Activity »
Your answer must be the full set of records, copied exactly, with no pictures in it.

[Brief descriptive captions]

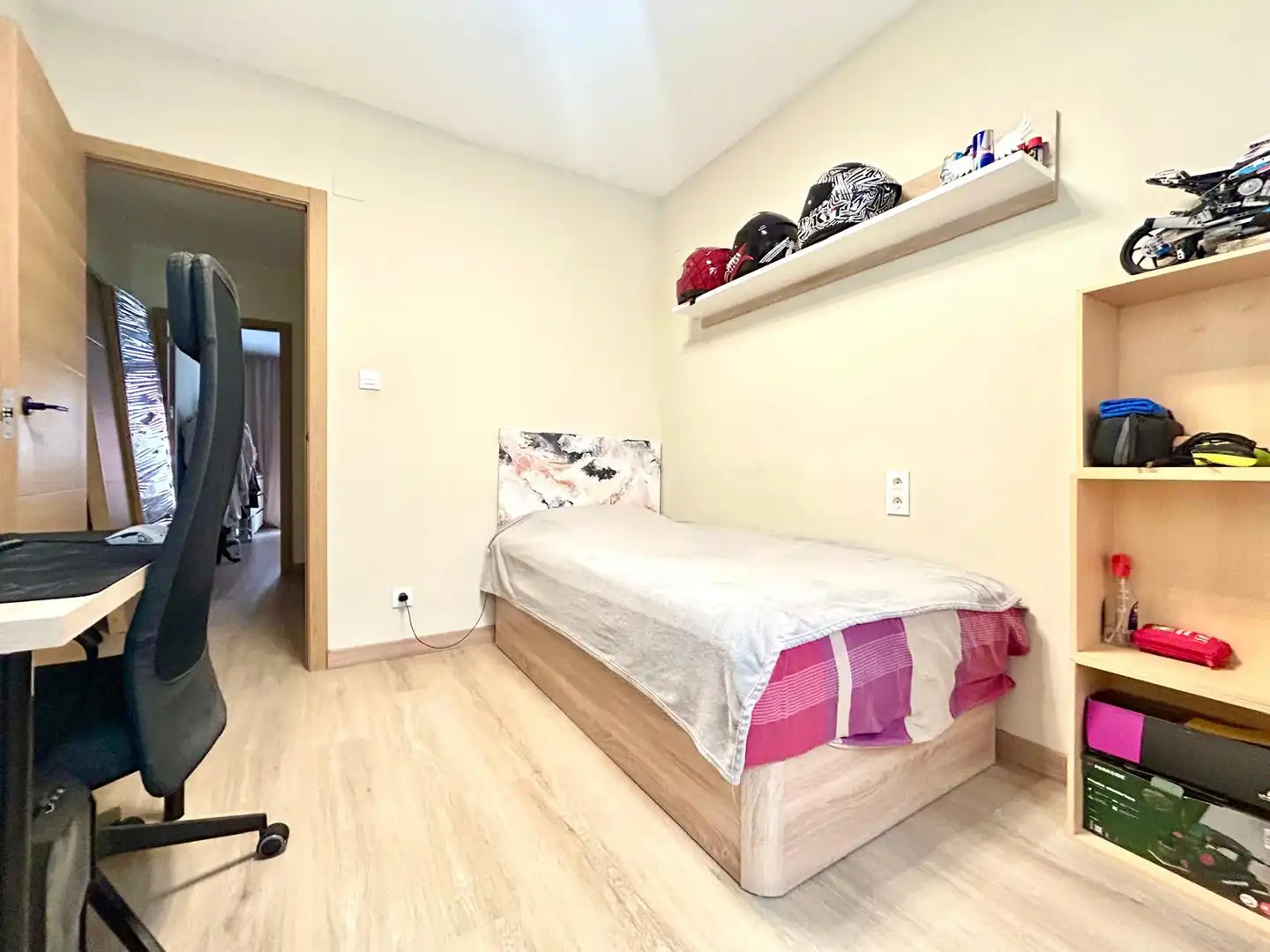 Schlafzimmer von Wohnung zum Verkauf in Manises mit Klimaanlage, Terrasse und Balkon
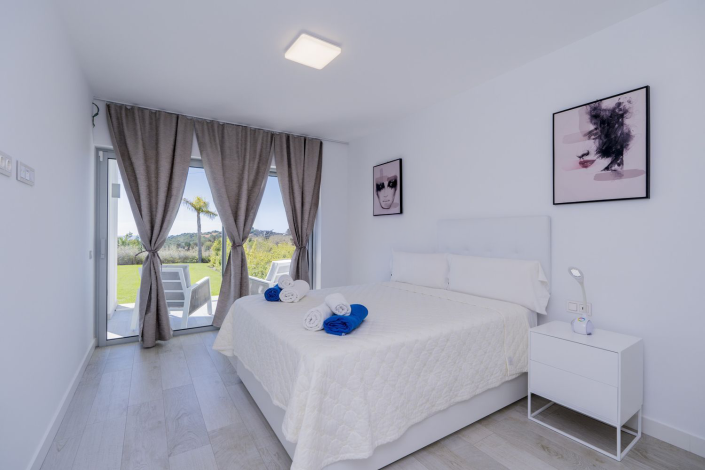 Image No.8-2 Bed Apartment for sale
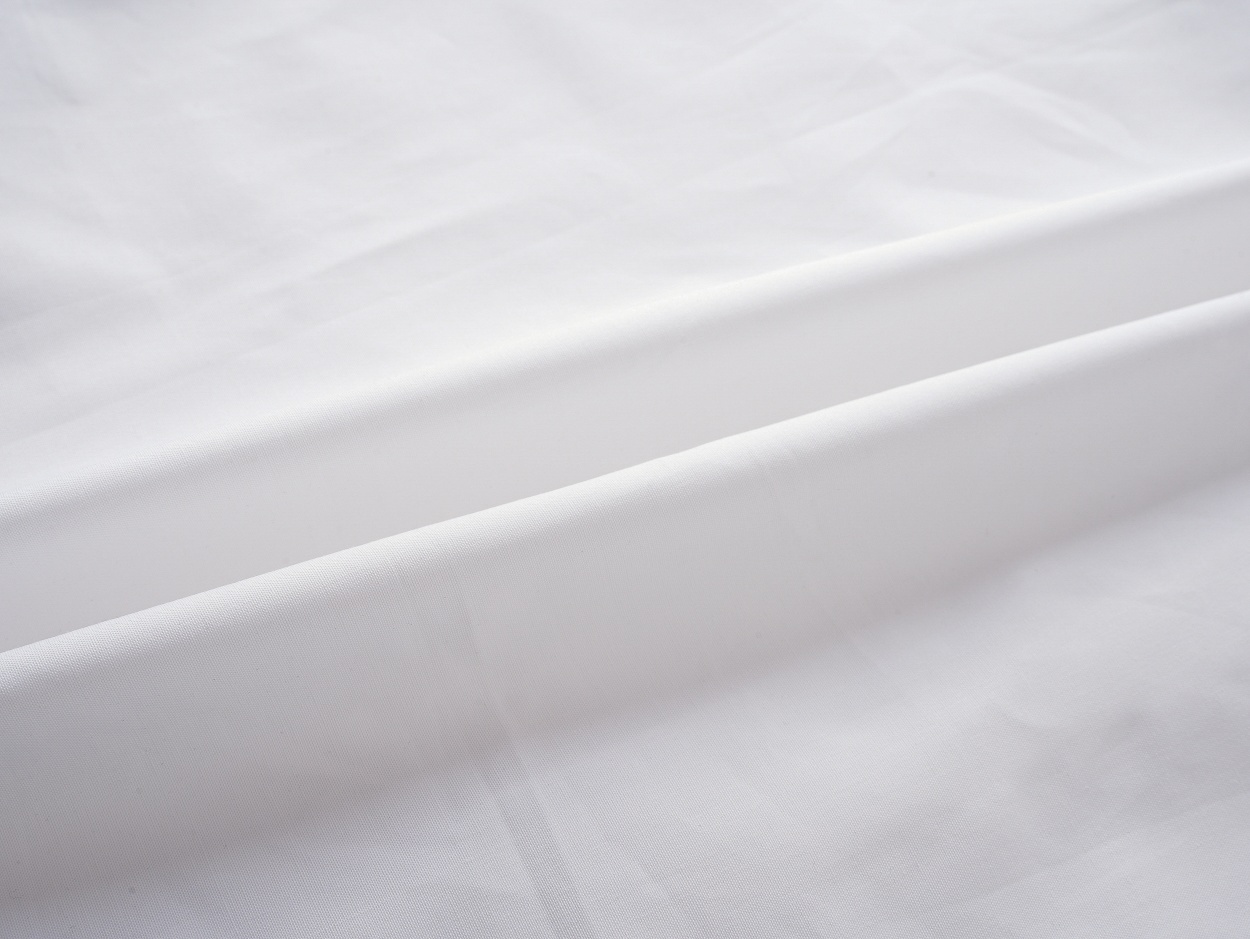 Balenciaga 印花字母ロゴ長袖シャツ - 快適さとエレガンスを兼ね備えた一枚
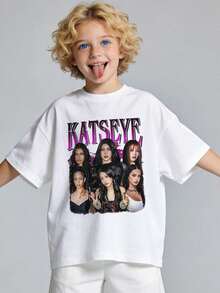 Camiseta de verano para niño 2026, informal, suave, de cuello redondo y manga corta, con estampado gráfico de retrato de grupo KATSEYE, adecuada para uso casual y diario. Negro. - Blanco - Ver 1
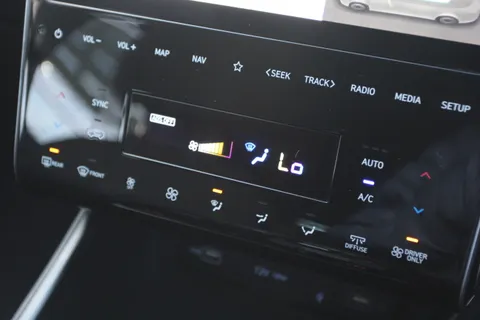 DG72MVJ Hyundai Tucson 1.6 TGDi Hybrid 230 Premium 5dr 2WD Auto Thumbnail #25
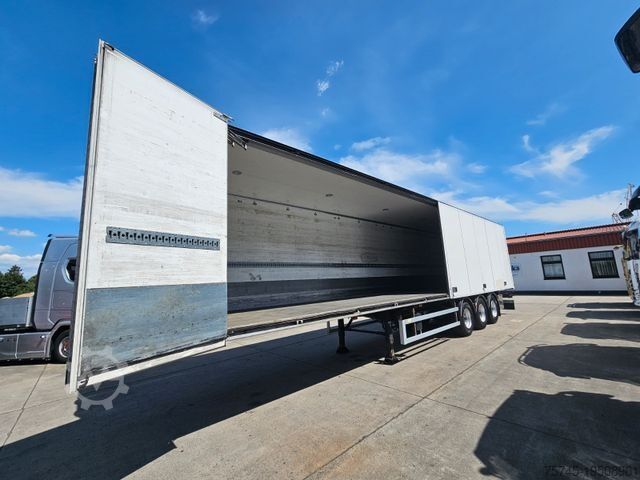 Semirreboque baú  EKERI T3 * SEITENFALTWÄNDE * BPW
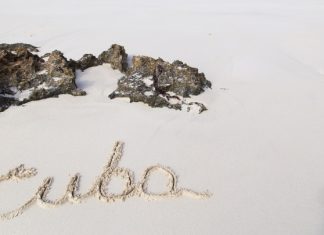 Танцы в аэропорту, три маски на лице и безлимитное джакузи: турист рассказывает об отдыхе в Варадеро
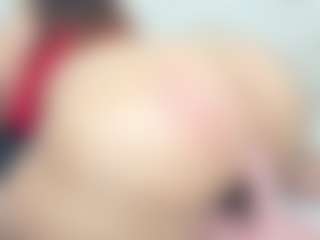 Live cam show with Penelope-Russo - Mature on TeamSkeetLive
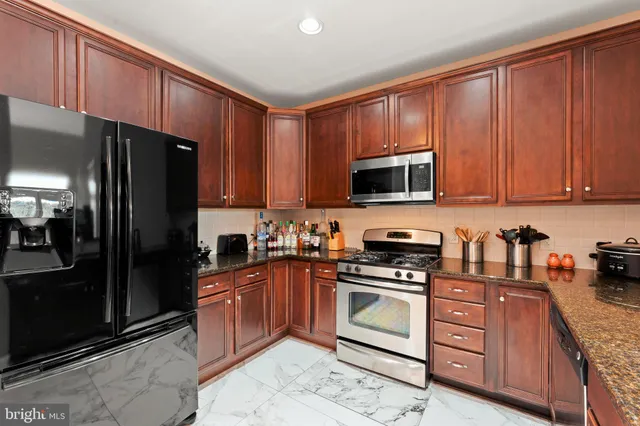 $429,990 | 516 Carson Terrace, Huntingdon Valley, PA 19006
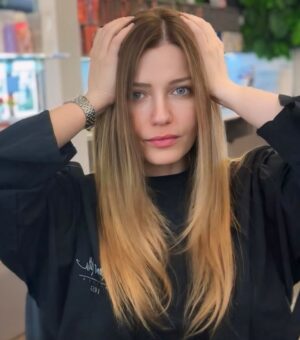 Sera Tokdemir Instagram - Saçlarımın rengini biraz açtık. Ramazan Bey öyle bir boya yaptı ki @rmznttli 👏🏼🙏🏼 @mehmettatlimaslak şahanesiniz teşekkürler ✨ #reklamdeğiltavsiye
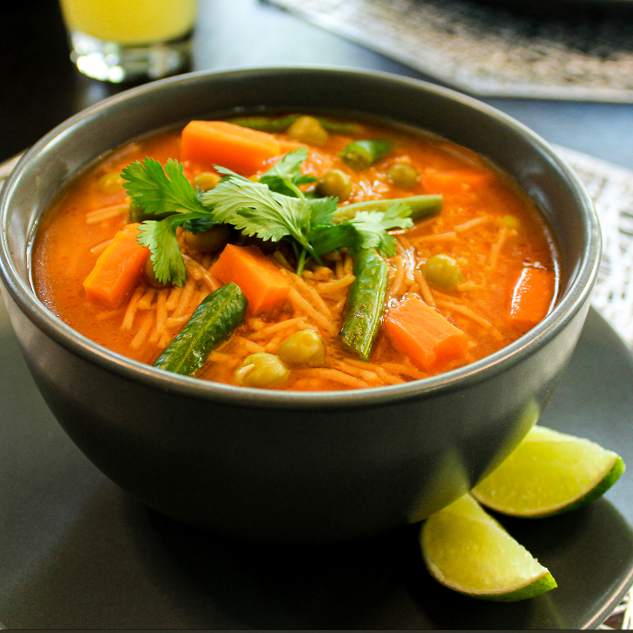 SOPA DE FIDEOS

Reply to the task »
 Schlafzimmer von Wohnung zum Verkauf in Manises mit Klimaanlage, Terrasse und Balkon
 Image No.8-2 Bed Apartment for sale
 Balenciaga 印花字母ロゴ長袖シャツ - 快適さとエレガンスを兼ね備えた一枚
 Camiseta de verano para niño 2026, informal, suave, de cuello redondo y manga corta, con estampado gráfico de retrato de grupo KATSEYE, adecuada para uso casual y diario. Negro. - Blanco - Ver 1
 DG72MVJ Hyundai Tucson 1.6 TGDi Hybrid 230 Premium 5dr 2WD Auto Thumbnail #25
 Semirreboque baú  EKERI T3 * SEITENFALTWÄNDE * BPW
 Танцы в аэропорту, три маски на лице и безлимитное джакузи: турист рассказывает об отдыхе в Варадеро
 Live cam show with Penelope-Russo - Mature on TeamSkeetLive
 $429,990 | 516 Carson Terrace, Huntingdon Valley, PA 19006
 Sera Tokdemir Instagram - Saçlarımın rengini biraz açtık. Ramazan Bey öyle bir boya yaptı ki @rmznttli 👏🏼🙏🏼 @mehmettatlimaslak şahanesiniz teşekkürler ✨ #reklamdeğiltavsiye
 SOPA DE FIDEOS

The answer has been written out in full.